Our assumptions are not always true and acting upon them can have a detrimental impact on our emotional health and social relationships.

One of the most important areas of our lives is our social relationships. It is critical, because first and foremost, we are social creatures. We cannot even obtain and develop a sense of identity unless we are brought up among people and start communicating with them. And once we reach adulthood, we invest in these relationships for our future plans. So it is not only about survival, but it is also about personal and family success. We can add as many reasons as we can to highlight the significance of social relationships.

In the meantime, however, there are some ways of thinking, specifically some cognitive distortions, that can negatively impact these relationships by leading to certain behaviors. One of them is jumping to conclusions. What exactly is it?

It simply means making negative interpretations without actual evidence. In other words, you act like a mind reader and make assumptions based on that. For instance, you might say “Look at her face. I know that she hates me!” In some other cases, you may act like a fortuneteller and argue that “I just feel that something bad is going to happen,” whereas there is nothing to prove that.
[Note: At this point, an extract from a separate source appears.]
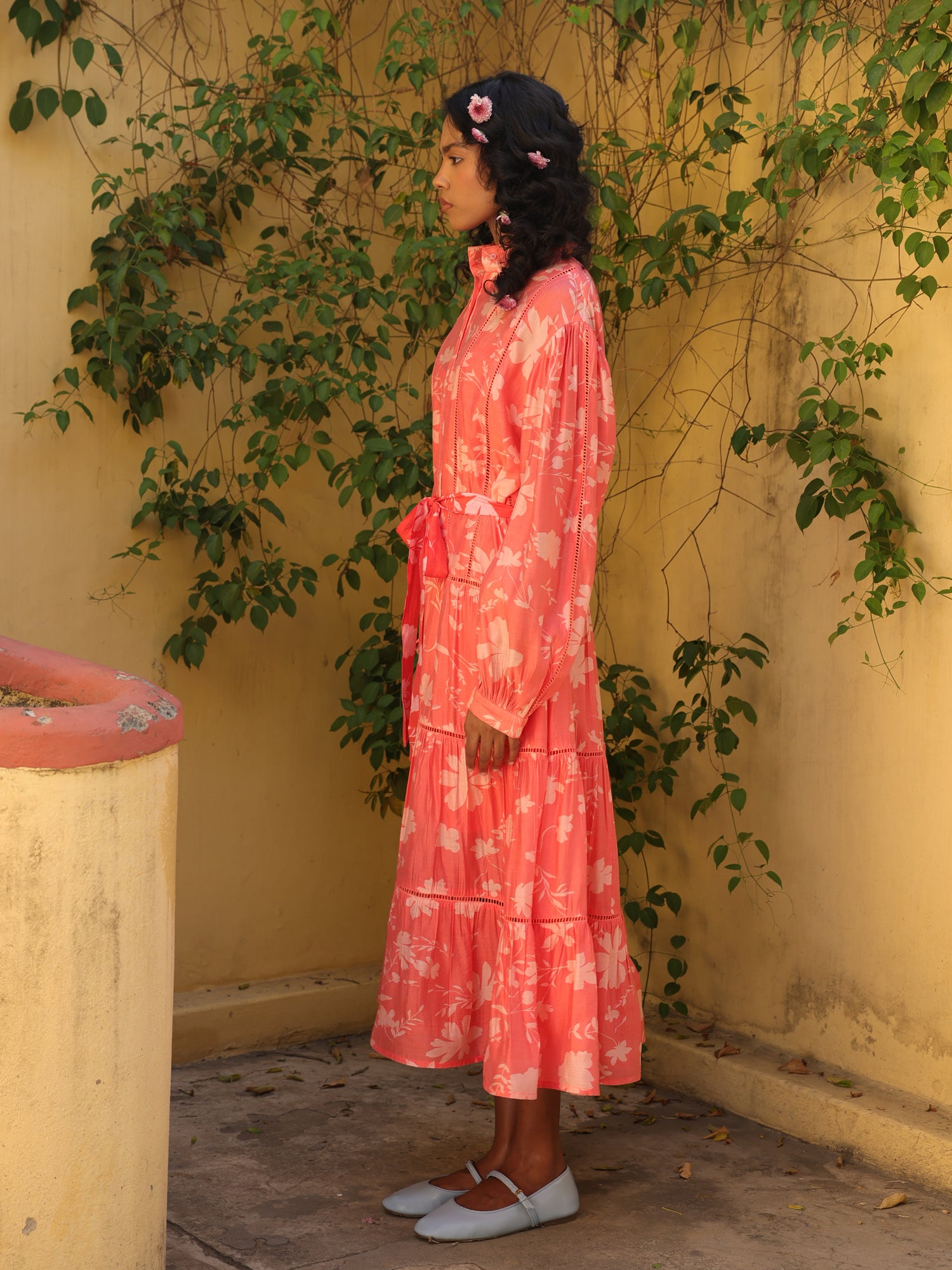 Coral Bloom Chanderi Printed Courtyard Dress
This type of behavior is seen across cultures. However, since we tend to “imply” and use an indirect form of speech and communication in our Afghan culture, we use it obviously more. We usually don’t make the effort to ask the other person what’s going on and instead prefer to make various assumptions, and as a consequence, come to different conclusions, most of which are not necessarily true! The misunderstanding can get worse and hurt both us and others if we act upon these assumptions and conclusions. People who suffer from some types of anxiety disorders, particularly Generalized Anxiety Disorders, excessively use this type of cognitive distortions and often look for reasons to keep worrying and justify their worries.

One of the most effective ways to tackle this type of distortion is to learn how to ask questions, explore, seek information, and improve communication skills. Otherwise, it will add up to our everyday stress, consume a great deal of our mental energy, and impact our relationships not only within the family but also in other circles and spheres.